The security of mining rights of any country’s mineral law framework is critical for investment in that sector. An insecure legal regime for mining rights drives off investment increases the costs of investment and deprives the mining sector of any investment appeal. Investors need to know the kind of rights in any sector, whether such rights are comprehensive in their entitlements; whether they are fenced by a host of legal safeguards and remedies, and whether investors have access to protest mechanisms, especially against the host state and governments. Governments need to guarantee the security of property rights, the transferability of such rights and ensure the utility of such rights in the financial and commercial sectors. Fundamentally, mineral rights security for developing states such as Zimbabwe is crucial where the economy seeks to depart from its age-old agricultural-sector pivot.

Mining leases and special grants are two key mining rights in the Zimbabwean mining law framework. Several controversies and misconceptions about the security of these rights have been raised previously. Few analyses have analysed the law to examine whether it gives security to mining rights. This article attempts to interrogate such laws in order to bust such myths and clear such controversies. This task is important as Zimbabwe moves to replace the current law with a new law altogether.
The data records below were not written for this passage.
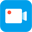 Vidmore Screen Recorder 圖示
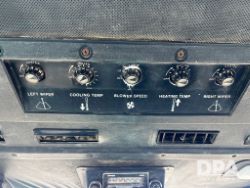 2794176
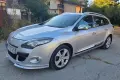 Renault Megane 3 1.5 dci Уникат , снимка 5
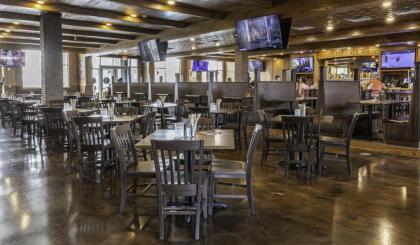 Holiday Inn Glendale - Stadium & Ent Dist - image 9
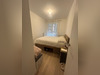 Ma-Cabane - Vente Appartement COURBEVOIE, 85 m²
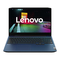 Laptops Lenovo Gaming 3 15IMH05 Gebruikershandleiding
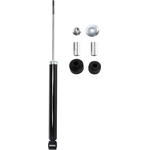 Order Rear Shock Absorber by MONROE/EXPERT SERIES - 210095 For Your Vehicle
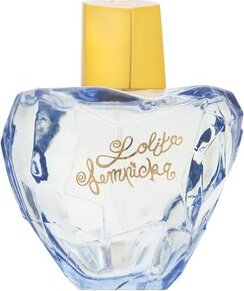 Dámsky parfum Lolita Lempicka EDP - 50 ml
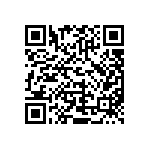 GRM1885C1H330GA01D QRCode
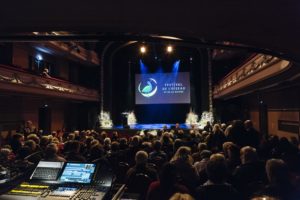 Montier Photo Festival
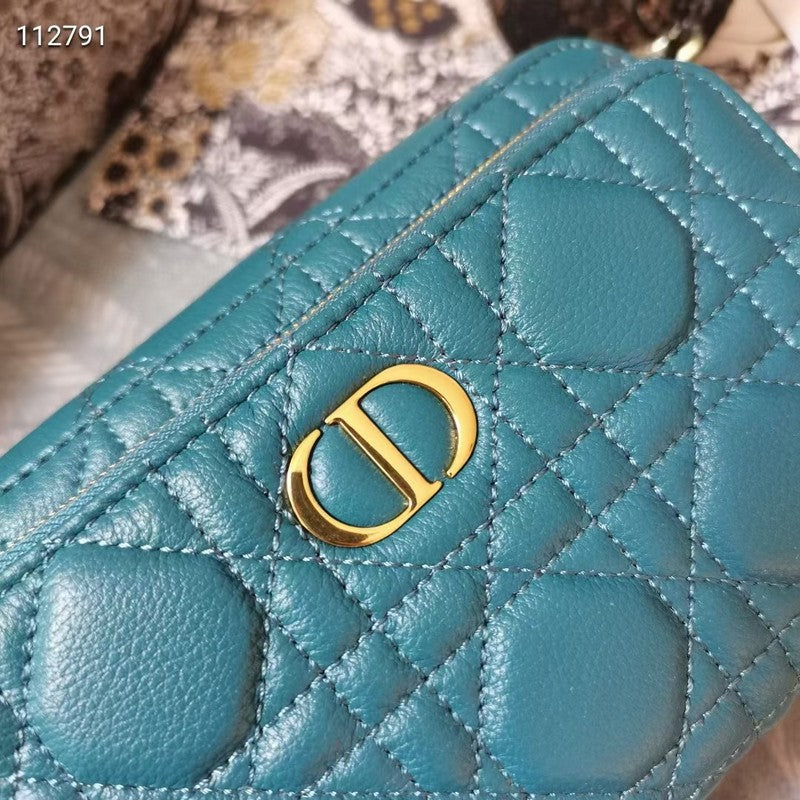 COZY - DOR Bags - 002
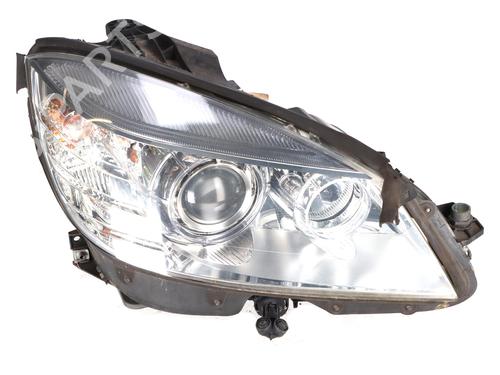 Used Right headlight Right headlight 37454913 37454913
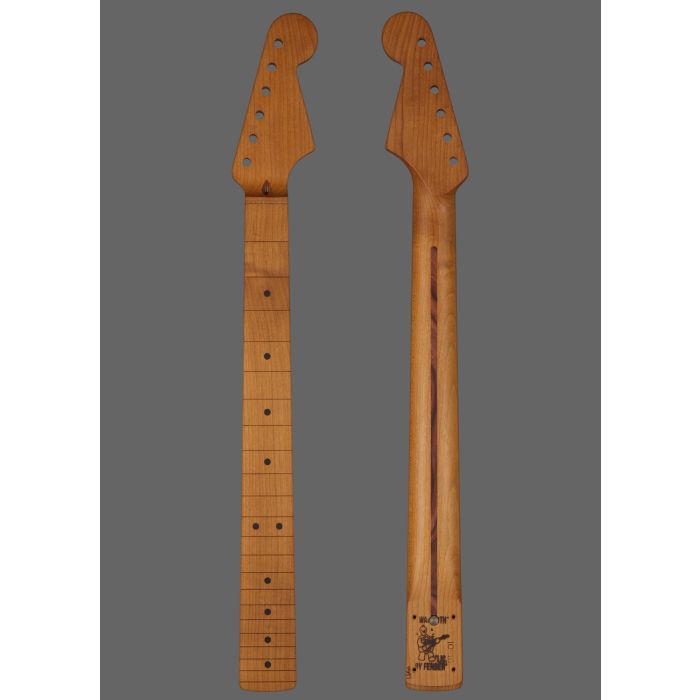 Strat® Replacement Neck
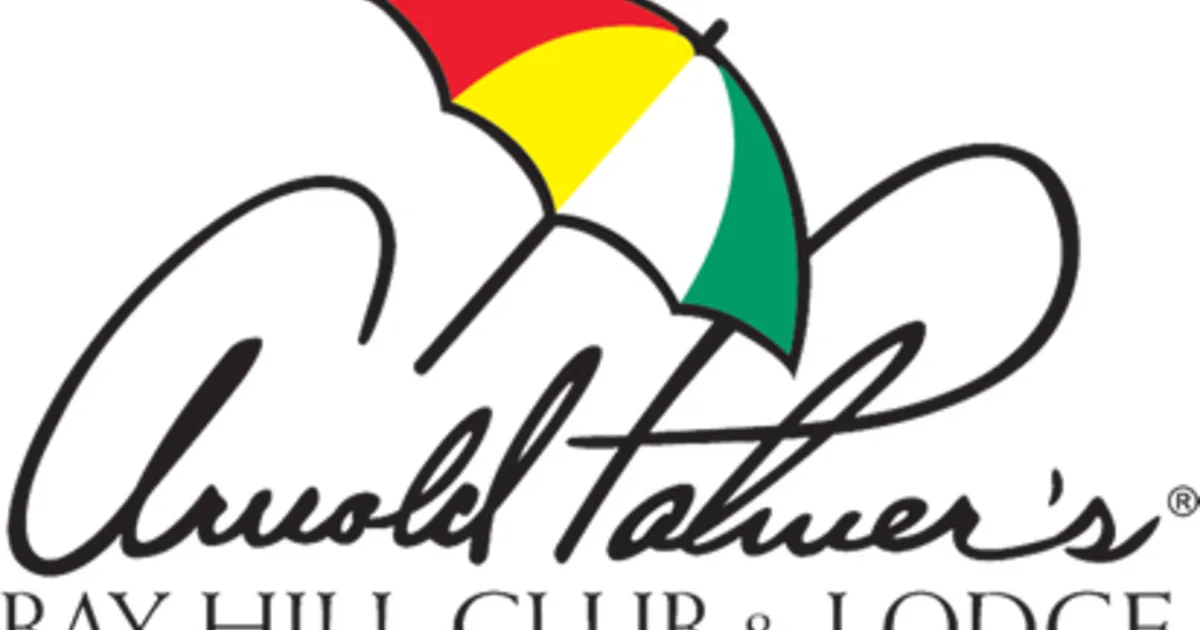 Can You Play Bay Hill on E6 Connect? — Home Golf Hero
The Extraction/ Mining Phase

The extraction or exploitation of minerals in Zimbabwe occurs through various licenses. These are Certificate of Registration of Claims, Mining Lease, Special Mining Lease, Special Grant and another type of Special Grant under part XX of the Act. The discussion on the security of the mining rights conferred by the above licenses centers around the conditions under which these mining rights may be revoked, the right to transfer/cede the mining rights, the right to securitize these mining rights, the duration or length of time of these rights and lastly the administrative discretion given to the offices that regulate the mining rights. These licenses are discussed below in light of the criteria stated hereinabove.

Certificate of Registration of Claims

A certificate of registration of claims authorizes the holder of a prospecting license to start mining following the discovery of minerals.  Following the discovery of the minerals, the holder of a prospecting license appoints a pegger who physically pegs the area by marking it with a Discovery Peg[1]. Thereafter he or she must post a registration notice on the ground[2] following which he or she will then make an application to the Provincial Mining Director for the certificate of registration[3]. This certificate of registration will then allow the holder to start mining operations subject to meeting other obligations such as an Environment prospectus. This certificate of registration of claims may be cancelled by the Provincial Mining Director if he or she is satisfied that provisions of the Mines and Minerals Act relating to the method of pegging were not substantially complied with. However, before such cancellation, the Provincial Mining Director is expected to give notice of at least 30 days of his intention to cancel such certificate and inform him of his right to appeal against such cancellation to the Minister. The requirement for the holder to be notified of an intention to cancel the certificate and to be allowed to make representations against such cancellation is a step forward in enhancing the security of such mining right.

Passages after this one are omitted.